(Data for processing begins)

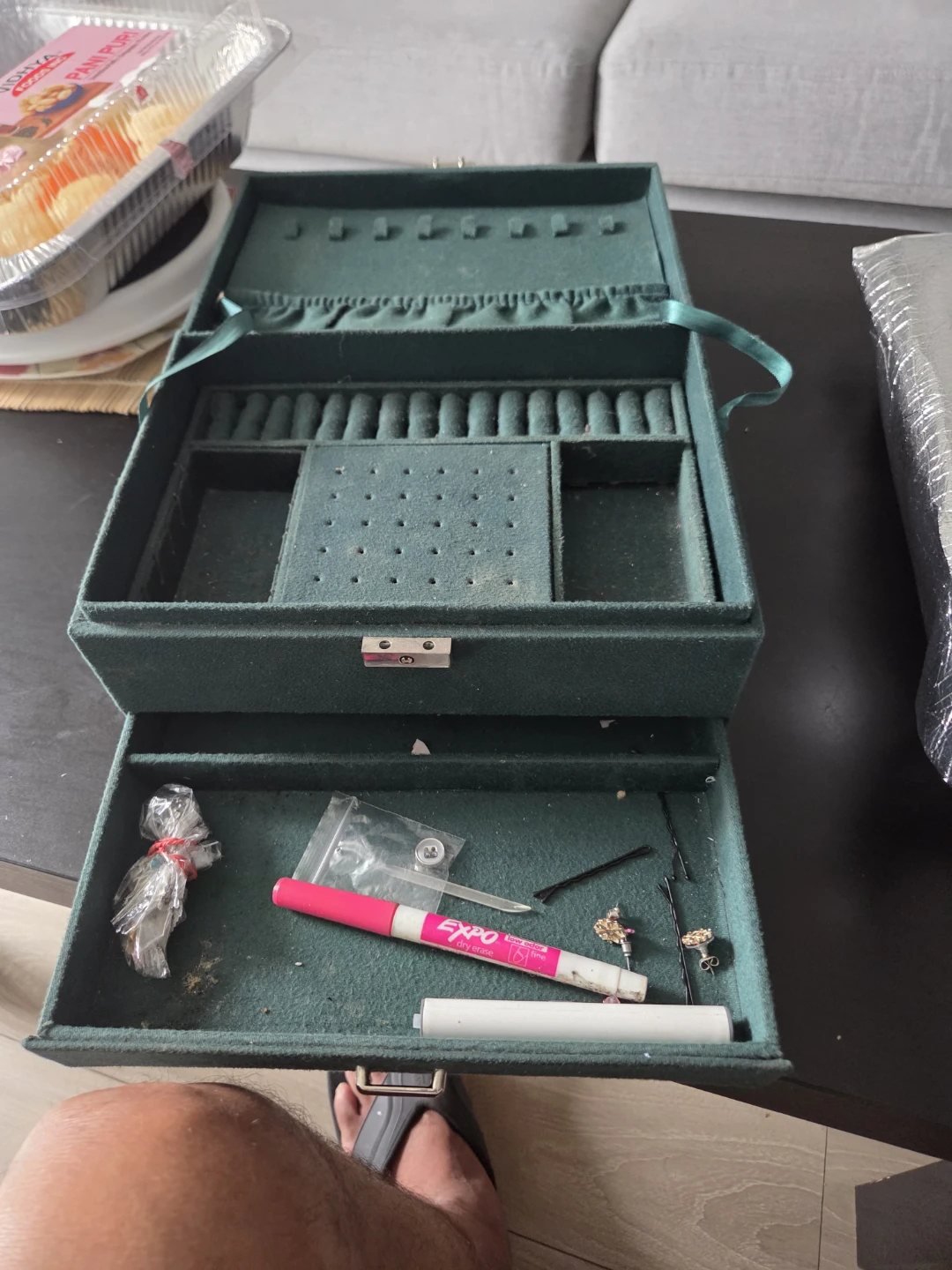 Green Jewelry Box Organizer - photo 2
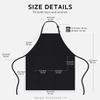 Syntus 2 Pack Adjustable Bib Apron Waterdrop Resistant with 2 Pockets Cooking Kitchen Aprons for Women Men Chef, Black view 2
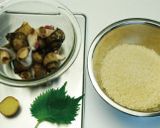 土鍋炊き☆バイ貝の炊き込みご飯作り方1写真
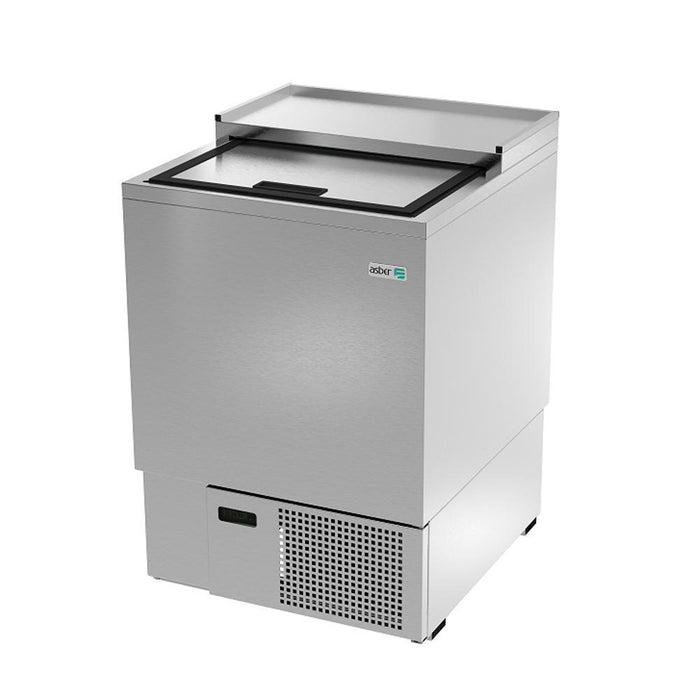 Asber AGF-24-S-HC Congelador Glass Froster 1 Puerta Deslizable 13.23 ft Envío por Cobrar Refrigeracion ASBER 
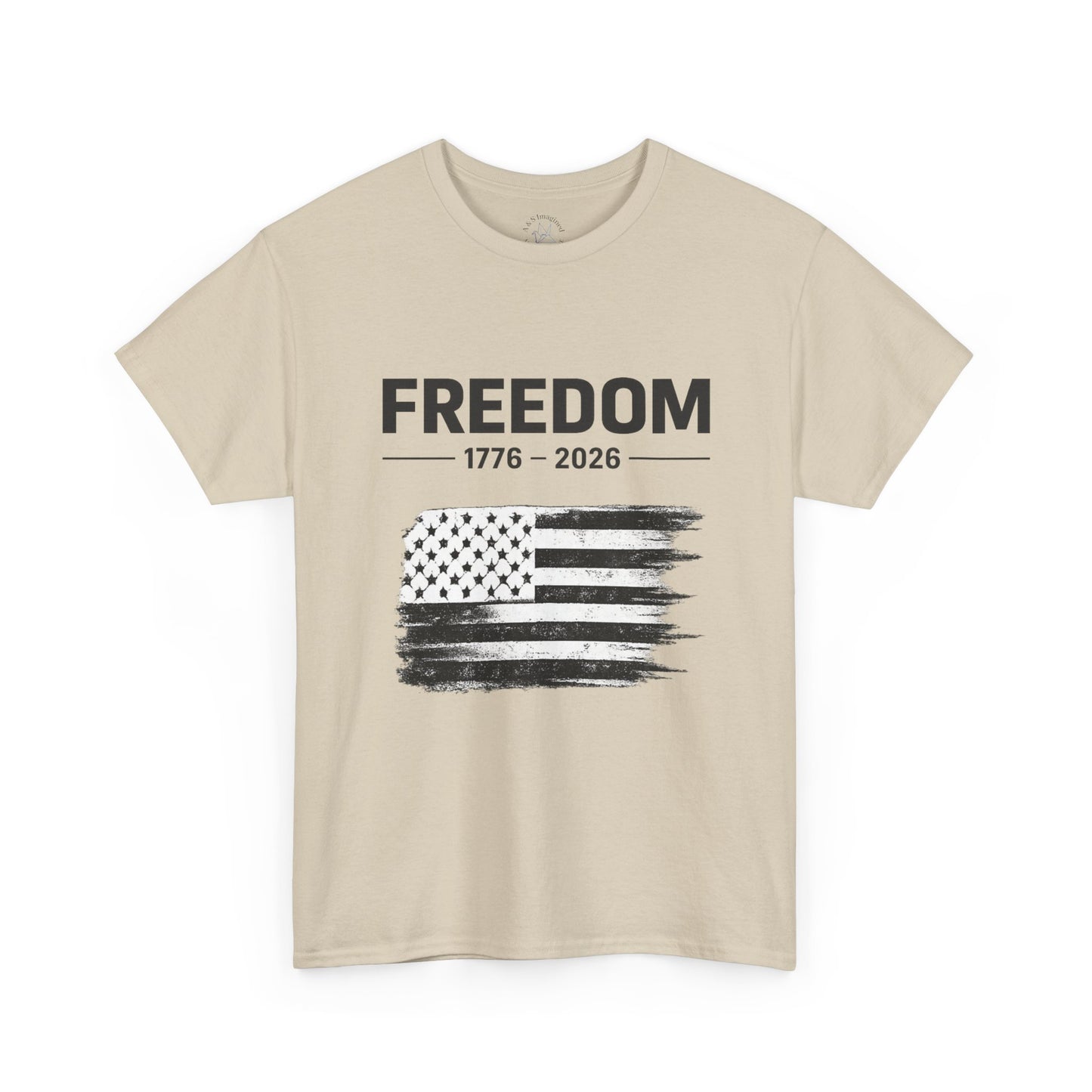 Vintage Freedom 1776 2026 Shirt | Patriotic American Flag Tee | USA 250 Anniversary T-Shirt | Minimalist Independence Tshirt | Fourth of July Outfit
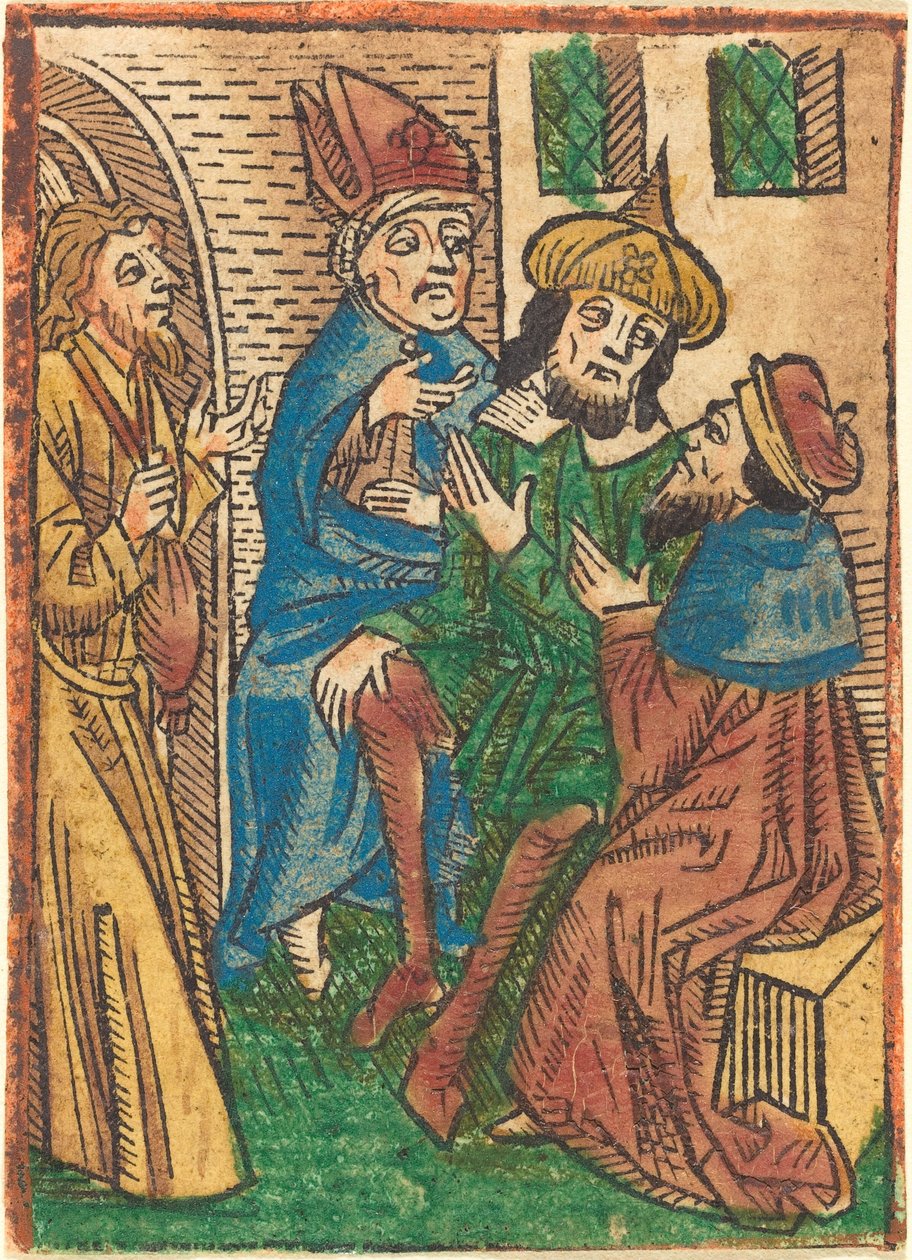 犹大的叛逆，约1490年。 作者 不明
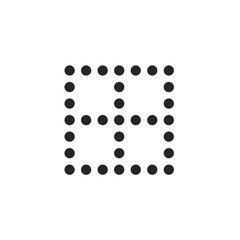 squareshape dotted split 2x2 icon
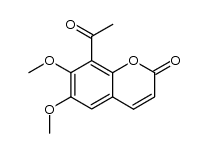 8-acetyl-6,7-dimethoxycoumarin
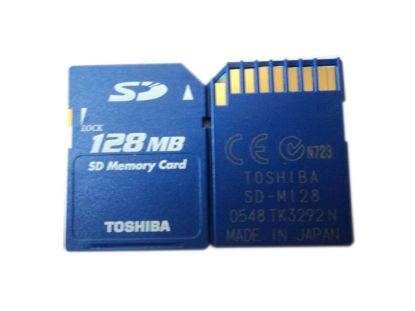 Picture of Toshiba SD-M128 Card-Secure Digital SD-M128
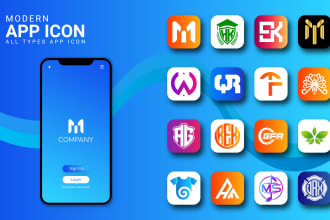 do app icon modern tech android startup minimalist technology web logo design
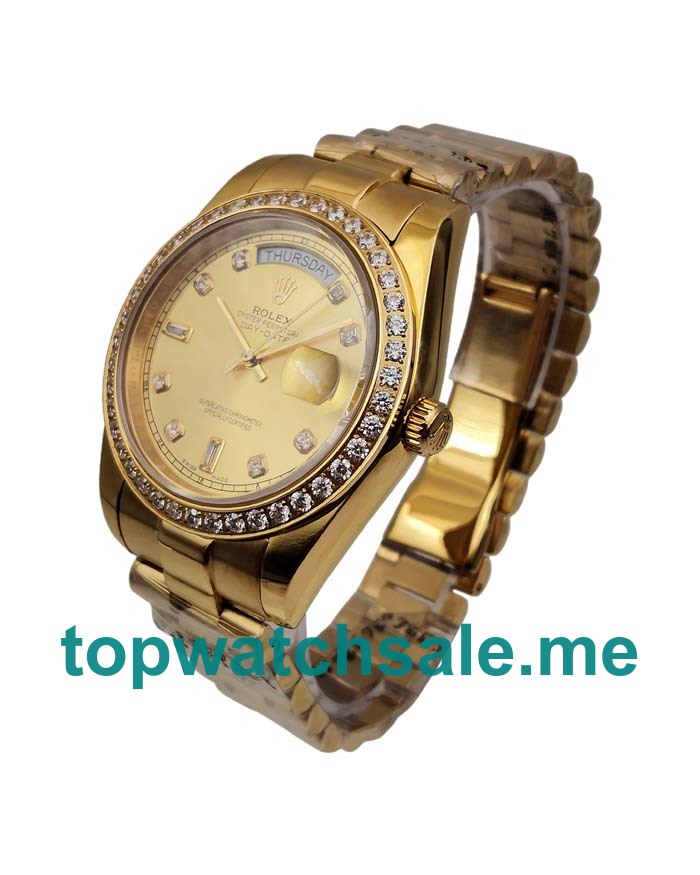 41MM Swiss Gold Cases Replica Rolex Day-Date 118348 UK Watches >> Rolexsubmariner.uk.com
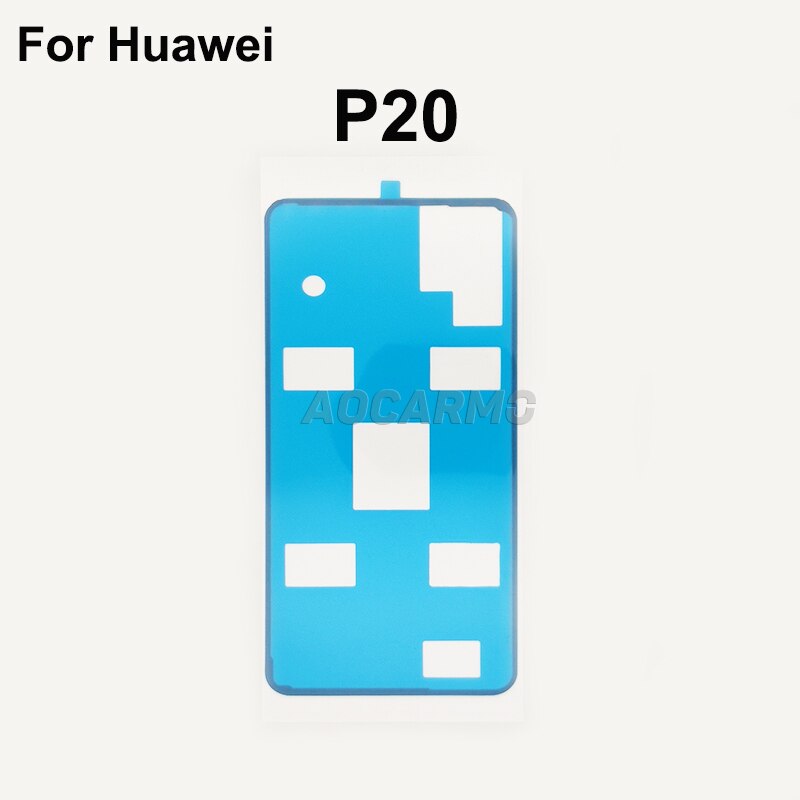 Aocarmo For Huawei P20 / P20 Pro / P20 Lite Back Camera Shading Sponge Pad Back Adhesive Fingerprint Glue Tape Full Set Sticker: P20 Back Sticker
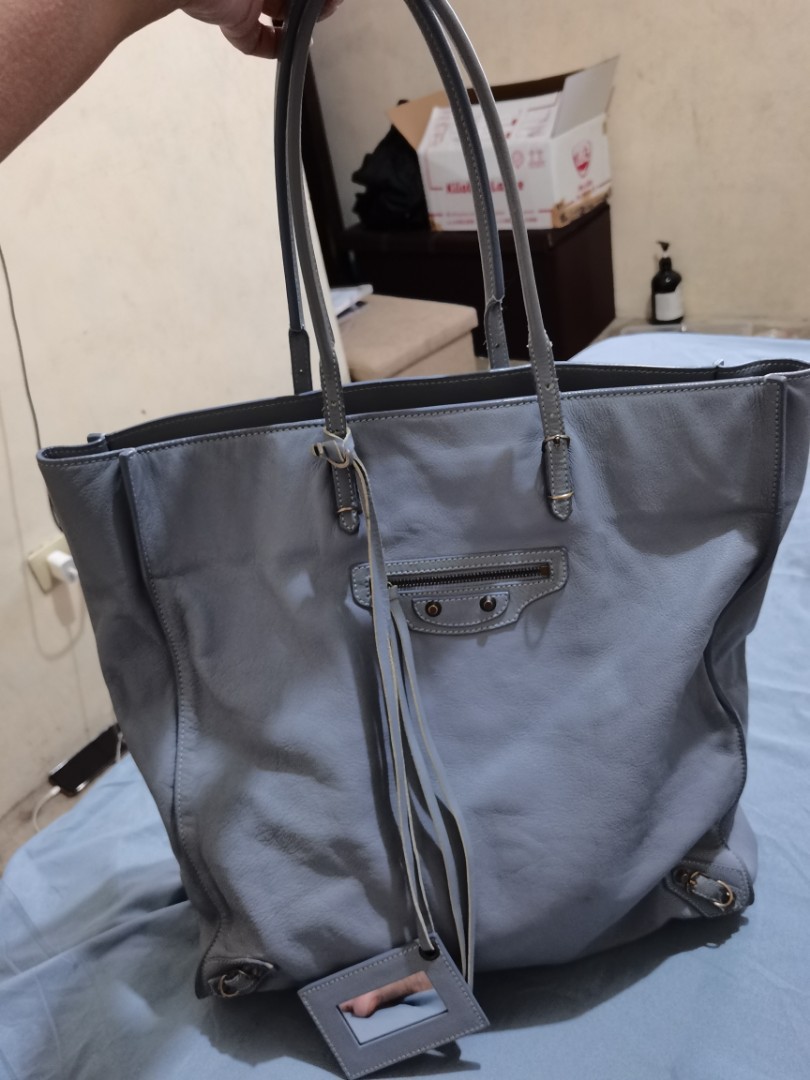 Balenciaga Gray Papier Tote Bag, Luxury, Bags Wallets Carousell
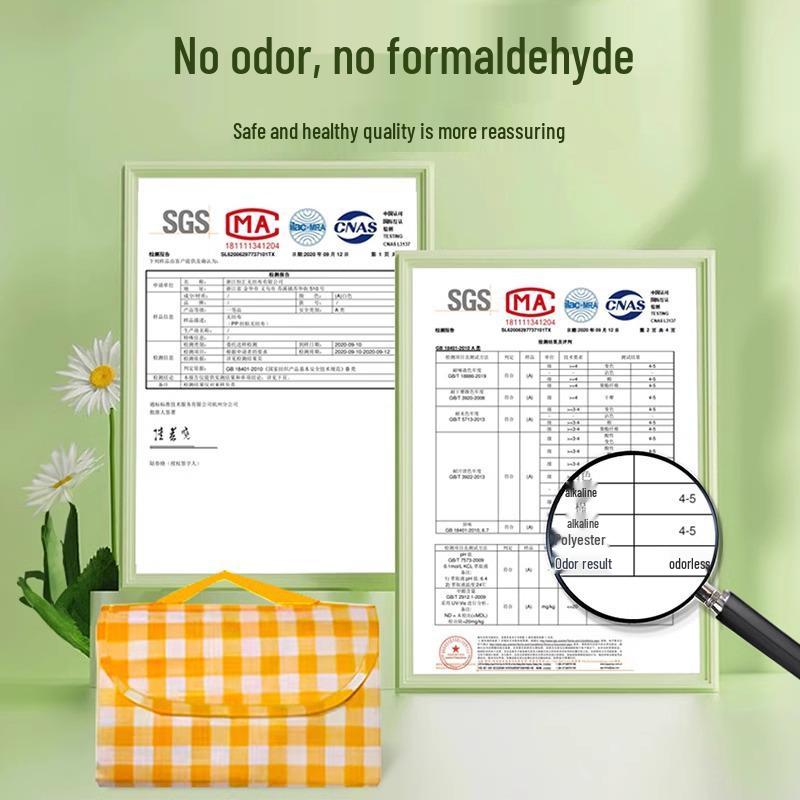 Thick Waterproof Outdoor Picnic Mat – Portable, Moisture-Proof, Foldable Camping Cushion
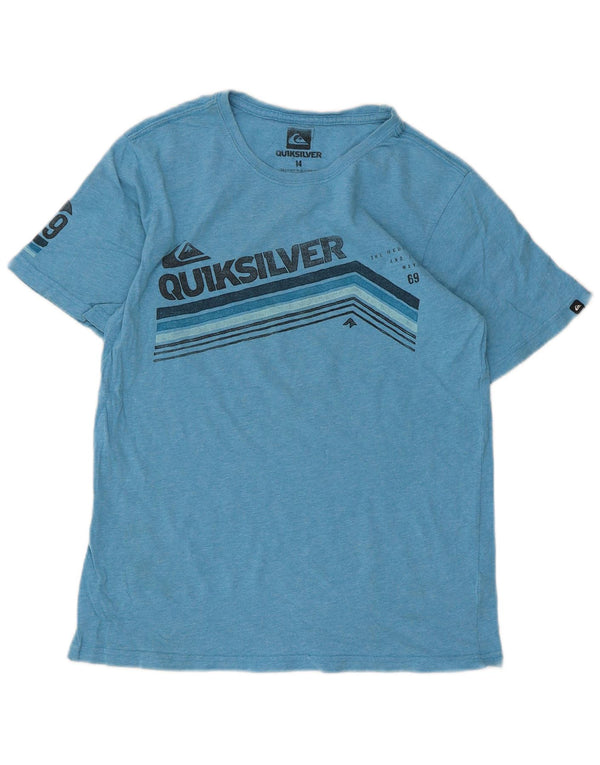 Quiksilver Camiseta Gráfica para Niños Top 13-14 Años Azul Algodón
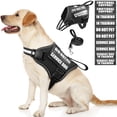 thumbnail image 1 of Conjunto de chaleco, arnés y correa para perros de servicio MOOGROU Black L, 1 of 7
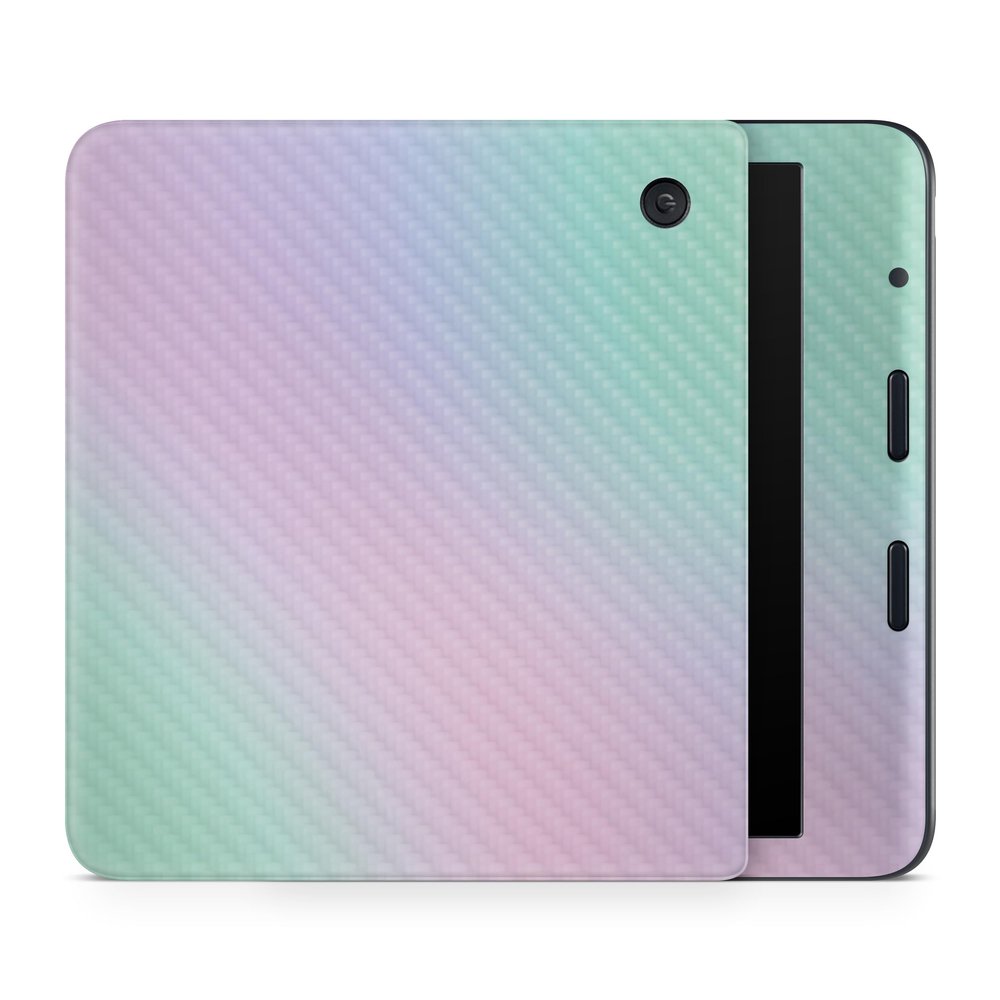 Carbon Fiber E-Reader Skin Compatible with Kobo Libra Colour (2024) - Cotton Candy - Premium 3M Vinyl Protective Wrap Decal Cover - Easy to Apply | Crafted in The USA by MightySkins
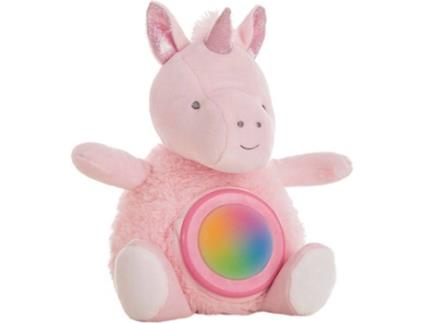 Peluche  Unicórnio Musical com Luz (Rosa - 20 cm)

(Data for processing ends)

» **Task to carry out**: Copy nothing but the lines above that run from the one with "犹大的叛逆，约1490年。 作者 不明" to the one with "thumbnail image 1", ends included; pictures stay out.

» **Result of this exercise**:
 犹大的叛逆，约1490年。 作者 不明
 squareshape dotted split 2x2 icon
 8-acetyl-6,7-dimethoxycoumarin
 Picture of Toshiba SD-M128 Card-Secure Digital SD-M128
 do app icon modern tech android startup minimalist technology web logo design
 41MM Swiss Gold Cases Replica Rolex Day-Date 118348 UK Watches >> Rolexsubmariner.uk.com
 Aocarmo For Huawei P20 / P20 Pro / P20 Lite Back Camera Shading Sponge Pad Back Adhesive Fingerprint Glue Tape Full Set Sticker: P20 Back Sticker
 Balenciaga Gray Papier Tote Bag, Luxury, Bags Wallets Carousell
 Thick Waterproof Outdoor Picnic Mat – Portable, Moisture-Proof, Foldable Camping Cushion
 Quiksilver Camiseta Gráfica para Niños Top 13-14 Años Azul Algodón
 thumbnail image 1 of Conjunto de chaleco, arnés y correa para perros de servicio MOOGROU Black L, 1 of 7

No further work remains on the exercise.